ABSTRACT
We have discovered that in the rodent primary olfactory cortex (piriform) the pattern of neural activity evoked by a smell changes with the passage of time. These changes, which unfold absent a task or learning paradigm, accumulate to such an extent that after just a few weeks odor responses bear little resemblance to their original form. The piriform has been traditionally hypothesized to establish the identity of odorants. Our observations have forced us to radically reconsider the role of this vast brain region in olfactory perception. We propose that the piriform operates instead as a flexible learning system, a ‘scratch pad’ that continually learns and continually overwrites itself. This poses the problem of how transient memory traces can subsequently be stored over long timescales.
These results also raise the question of what the piriform learns. We have designed a behavioral assay that provides a sensitive readout of whether mice expect a given sensory event. Using this assay we have demonstrated that mice learn the identity, order and precise timing of elements in a sequence of neutral odorants, A-->B, without reward or punishment.
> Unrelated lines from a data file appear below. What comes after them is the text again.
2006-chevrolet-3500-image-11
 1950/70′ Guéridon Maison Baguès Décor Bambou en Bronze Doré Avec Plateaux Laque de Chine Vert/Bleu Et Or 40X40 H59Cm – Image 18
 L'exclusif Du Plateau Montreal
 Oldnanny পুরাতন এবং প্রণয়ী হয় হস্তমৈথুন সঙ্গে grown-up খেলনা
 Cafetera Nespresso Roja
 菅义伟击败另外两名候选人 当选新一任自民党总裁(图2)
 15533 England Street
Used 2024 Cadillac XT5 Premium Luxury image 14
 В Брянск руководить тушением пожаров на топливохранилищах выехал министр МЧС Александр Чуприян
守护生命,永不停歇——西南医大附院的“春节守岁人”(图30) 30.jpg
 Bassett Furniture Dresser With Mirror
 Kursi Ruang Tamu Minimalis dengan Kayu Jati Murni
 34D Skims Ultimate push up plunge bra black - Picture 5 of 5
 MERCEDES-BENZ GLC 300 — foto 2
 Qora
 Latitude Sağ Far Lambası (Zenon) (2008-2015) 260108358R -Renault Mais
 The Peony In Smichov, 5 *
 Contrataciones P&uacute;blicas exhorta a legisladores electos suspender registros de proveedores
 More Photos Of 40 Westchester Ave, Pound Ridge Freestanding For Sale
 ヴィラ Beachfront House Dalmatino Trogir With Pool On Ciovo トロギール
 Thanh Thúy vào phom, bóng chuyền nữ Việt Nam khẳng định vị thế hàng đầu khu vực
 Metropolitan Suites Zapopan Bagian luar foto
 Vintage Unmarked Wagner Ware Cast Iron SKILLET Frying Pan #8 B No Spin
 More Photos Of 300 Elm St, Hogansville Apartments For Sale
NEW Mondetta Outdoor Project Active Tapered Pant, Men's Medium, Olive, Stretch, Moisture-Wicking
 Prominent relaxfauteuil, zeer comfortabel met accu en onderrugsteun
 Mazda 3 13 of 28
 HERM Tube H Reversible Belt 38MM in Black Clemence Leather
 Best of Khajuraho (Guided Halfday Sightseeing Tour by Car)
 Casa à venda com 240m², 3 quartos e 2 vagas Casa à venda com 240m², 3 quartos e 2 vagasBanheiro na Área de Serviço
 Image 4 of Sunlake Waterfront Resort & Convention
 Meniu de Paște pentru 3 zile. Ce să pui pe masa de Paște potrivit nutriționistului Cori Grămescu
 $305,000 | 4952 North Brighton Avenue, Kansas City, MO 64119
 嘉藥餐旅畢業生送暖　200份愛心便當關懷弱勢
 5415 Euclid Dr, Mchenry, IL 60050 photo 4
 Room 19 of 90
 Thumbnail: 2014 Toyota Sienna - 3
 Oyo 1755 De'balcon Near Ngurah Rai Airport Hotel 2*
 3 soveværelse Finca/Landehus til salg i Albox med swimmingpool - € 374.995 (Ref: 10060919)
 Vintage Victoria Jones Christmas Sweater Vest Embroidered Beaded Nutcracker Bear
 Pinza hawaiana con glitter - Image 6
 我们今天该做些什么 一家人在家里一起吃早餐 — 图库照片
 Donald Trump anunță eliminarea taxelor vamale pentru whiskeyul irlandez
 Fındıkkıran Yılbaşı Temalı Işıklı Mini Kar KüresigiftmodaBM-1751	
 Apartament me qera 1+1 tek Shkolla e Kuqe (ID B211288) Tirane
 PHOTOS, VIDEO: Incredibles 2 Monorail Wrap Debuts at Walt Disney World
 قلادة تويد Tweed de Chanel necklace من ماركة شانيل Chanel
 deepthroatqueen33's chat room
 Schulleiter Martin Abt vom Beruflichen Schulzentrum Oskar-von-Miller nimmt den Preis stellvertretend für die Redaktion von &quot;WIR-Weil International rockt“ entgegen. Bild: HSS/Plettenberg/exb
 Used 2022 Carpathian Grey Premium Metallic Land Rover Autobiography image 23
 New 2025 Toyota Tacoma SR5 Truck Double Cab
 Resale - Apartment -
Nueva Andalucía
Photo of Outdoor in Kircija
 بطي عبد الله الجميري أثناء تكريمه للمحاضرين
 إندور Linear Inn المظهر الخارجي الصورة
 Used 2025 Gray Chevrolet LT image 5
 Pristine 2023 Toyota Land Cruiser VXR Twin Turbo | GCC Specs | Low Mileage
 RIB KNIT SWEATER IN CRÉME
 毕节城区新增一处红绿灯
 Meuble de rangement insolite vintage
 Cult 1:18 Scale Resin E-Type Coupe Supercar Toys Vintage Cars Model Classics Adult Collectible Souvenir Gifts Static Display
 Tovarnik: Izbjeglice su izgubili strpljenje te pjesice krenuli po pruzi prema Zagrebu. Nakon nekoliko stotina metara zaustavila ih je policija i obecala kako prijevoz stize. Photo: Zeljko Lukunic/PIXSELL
Simultaneous recordings in naïve piriform show strong and distinct responses to both A and B. These diminish with experience in a manner that tracks these expectations: predictable cues, such as B in the A-->B sequence, evoke hardly any response in experienced animals. This does not reflect simple adaptation. When B is presented alone, it elicits robust activation. When B is omitted, and A is presented alone, piriform exhibits vigorous activity at the precise moment when the animal, expecting odor B, encounters nothing. Thus, when the external world conforms to expectation, piriform is relatively quiescent, but any departure from the expected results in vigorous activation. We hypothesize that the piriform learns to implement a comparator that reports the difference between the world as it expects it and the world as it is. The biological learning mechanisms that generate this predictive activity, a feature more commonly encountered in higher order cortices, can be readily studied and probed in a circuit only two synapses from the sensory periphery.
SPEAKER BIOS
We are postdoctoral fellows in Richard Axel’s laboratory at Columbia University, where we carry out a shared research program. We seek to understand how organisms learn continuously while also storing stable memories over their lifetimes. The rodent olfactory system, an easily accessible, well-defined circuit whose input can be precisely controlled, presents a relatively simple and tractable model to address these basic open problems. We have established methods for long-term observation of neurophysiological activity in the rodent primary olfactory cortex (piriform), and developed naturalistic ethological behavioral paradigms to probe continuous learning.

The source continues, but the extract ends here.